Assignment
Keep to one stretch of the data below, the lines from the one with "LAMPADAR SPHERE NIGHT ALBASTRU 146 CM" up to and including the one with "China BOSCH injetor", and return that stretch exactly.

Given records
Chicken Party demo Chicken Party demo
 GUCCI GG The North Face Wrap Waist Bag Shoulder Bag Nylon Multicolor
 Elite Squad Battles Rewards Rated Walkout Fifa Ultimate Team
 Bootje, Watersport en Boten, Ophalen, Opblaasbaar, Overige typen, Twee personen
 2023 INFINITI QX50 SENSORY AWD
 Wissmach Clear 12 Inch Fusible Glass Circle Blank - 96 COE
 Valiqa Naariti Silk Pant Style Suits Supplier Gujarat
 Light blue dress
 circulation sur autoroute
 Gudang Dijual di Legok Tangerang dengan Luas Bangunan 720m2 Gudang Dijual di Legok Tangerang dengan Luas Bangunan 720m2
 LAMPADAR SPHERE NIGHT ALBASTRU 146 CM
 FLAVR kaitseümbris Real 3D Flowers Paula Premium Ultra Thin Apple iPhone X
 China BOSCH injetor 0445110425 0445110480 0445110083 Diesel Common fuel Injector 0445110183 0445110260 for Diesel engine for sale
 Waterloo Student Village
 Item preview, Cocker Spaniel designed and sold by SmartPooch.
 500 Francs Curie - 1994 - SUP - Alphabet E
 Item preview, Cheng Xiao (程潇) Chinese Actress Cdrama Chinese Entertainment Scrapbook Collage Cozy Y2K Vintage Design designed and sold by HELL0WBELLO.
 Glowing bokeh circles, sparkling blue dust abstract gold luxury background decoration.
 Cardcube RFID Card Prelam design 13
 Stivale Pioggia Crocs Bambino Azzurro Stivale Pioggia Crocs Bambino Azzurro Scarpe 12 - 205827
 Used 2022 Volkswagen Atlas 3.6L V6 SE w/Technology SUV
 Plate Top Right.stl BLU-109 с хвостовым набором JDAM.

Final answer
 LAMPADAR SPHERE NIGHT ALBASTRU 146 CM
 FLAVR kaitseümbris Real 3D Flowers Paula Premium Ultra Thin Apple iPhone X
 China BOSCH injetor 0445110425 0445110480 0445110083 Diesel Common fuel Injector 0445110183 0445110260 for Diesel engine for sale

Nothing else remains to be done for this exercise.